In the aviation industry, the Federal Aviation Administration (FAA) defines five categories of failure conditions and five software level definitions ranging from Level A (Catastrophic) to Level E (no effect). ISO 9000 guidelines do not address the production of Safety Critical Software.

 

3.3 Failures

It is interesting to note that hardware failures are random, and these are handled in a probabilistic way. Contacts or wires may be broken, for example, after prolonged vibration of the computers. Memory chips may develop faults over a period of time.

Software failures, on the other hand, are systematic. They may appear to be random, but given the same conditions when the code is run, a software error will consistently manifest itself. However, isolating (and therefore being able to repeat) these conditions is tedious, and this is what these safety analyses are meant to achieve.

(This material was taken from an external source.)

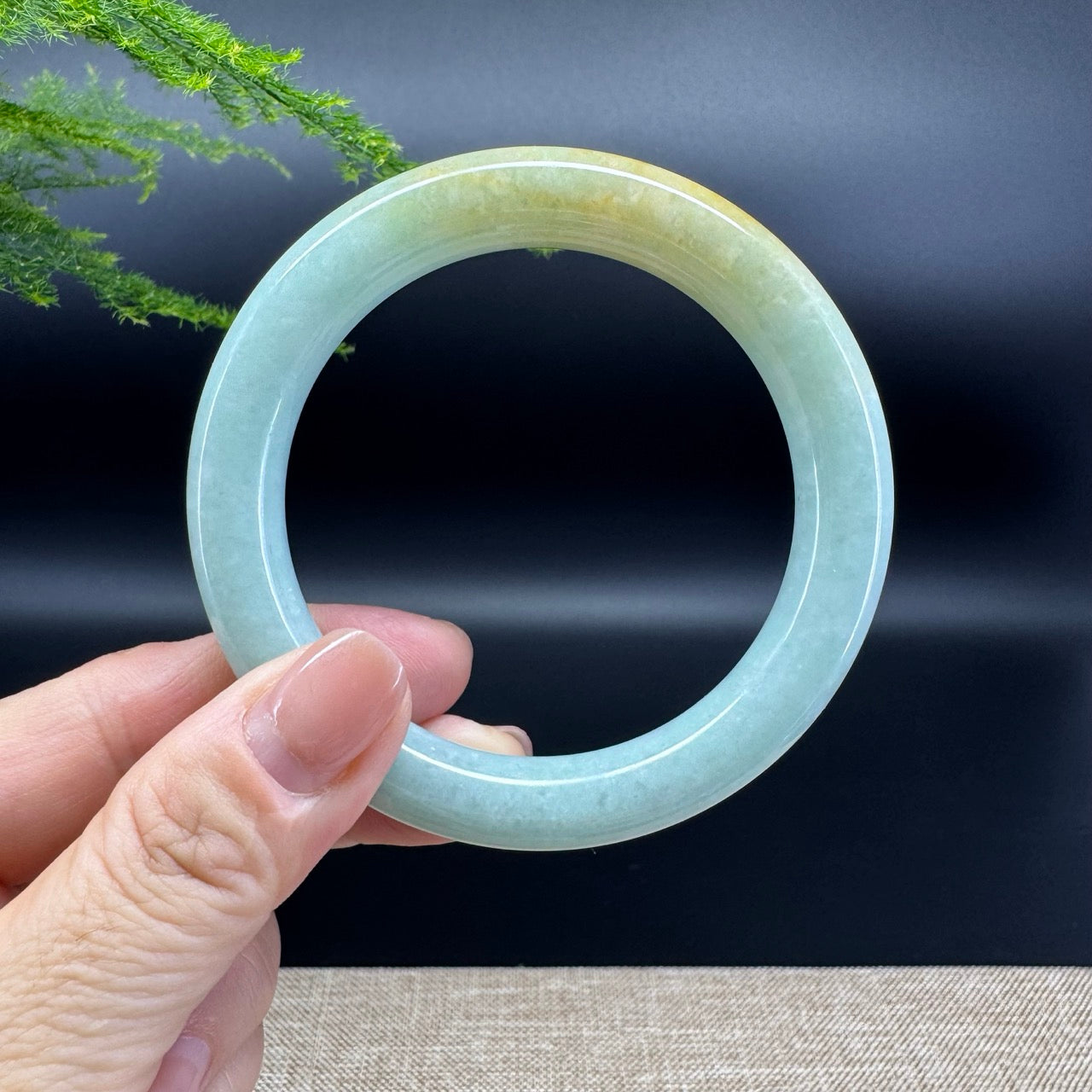 The bangle shape of the round.The bangle color is yellow green.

Of course, software may fail because of a hardware failure (e.g. a memory fault), but it is also necessary for the software to cope with this in a safe manner.

 

3.4 Single Point Failures

It is a stated objective of our client's System Safety Implementation Strategy that a product should not contain any single random or systematic failure condition that can cause a potentially catastrophic hazard. To explain to readers who have experience in this area, this requirement can be met by ensuring that the fault trees for all product failure conditions that are potentially catastrophic have at least one AND-gate in every fault tree path. For software subsystems, protection mechanisms that introduce AND-gates into the corresponding software fault trees include:

Addition of a separate Protection/Monitor Object in the software architecture that cross-checks objects output data items before they propagate to the Product output signals
Addition of guarding conditions embedded into software objects that protect explicitly against specific conditions that might cause a hazard.

 

3.5 Safety Analysis

There are several analysis methods that may be employed: Threads Analysis, Event Tree Analysis, Fault Tree Analysis, Transaction Analysis and Failure Modes and Effects Analysis (FMEA). There are two reasoning modes for performing analyses:

Forwards Analysis, or "bottom up"/ "inductive" analysis. The FMEA and Event tree analyses are inductive analyses. It requires the systematic injection of faults into the software and discovering what hazards are produced. This is the method used in the Prolog simulators described below.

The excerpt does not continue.